The Information Commissioner's Office has urged the encryption of smartphones.
In a press release issued last week regarding the theft of an unencrypted, password-protected laptop from a UPS employee in October 2008, assistant information commissioner Mick Gorrill urged encryption of laptops and smartphones.
Gorrill said: “Password protected laptops are not secure. I urge all organisations to restrict the amount of personal information that is taken off secure sites. I am pleased that UPS has encrypted its laptops and smartphones, and I urge other organisations to follow suit.”
Rik Ferguson, senior security advisor at Trend Micro, claimed that the last sentence was the most interesting. “While enterprise deployment of device level encryption has really gained momentum over recent years, the same cannot be said of encrypting the data that resides on the ubiquitous smartphone devices, particularly on the removable media cards they often contain,” said Ferguson.

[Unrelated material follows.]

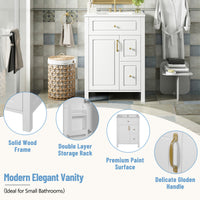 VanityFus 24-in Bathroom Vanity White Single Sink Combo Ceramic Top 1 Soft-Close Doors 2 Drawer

He claimed that the press release may have some resounding repercussions for enterprises and governments in the near future.
Likewise Simon Ford, international sales director of NCP, claimed that the rise in popularity of smartphones has been caused due to them becoming ‘smarter and easier to use'.
Ford said: “People should be looking into smartphone use in companies but not without the security aspects considered. Some want to experiment and some want to use a smartphone to pick up their emails, so they don't consider the security aspects at the beginning.
“We also tell them to consider what is important to their PC and what they have to do to their smartphone too. The best way to encrypt is by using a VPN and you need to do the same with a smartphone.”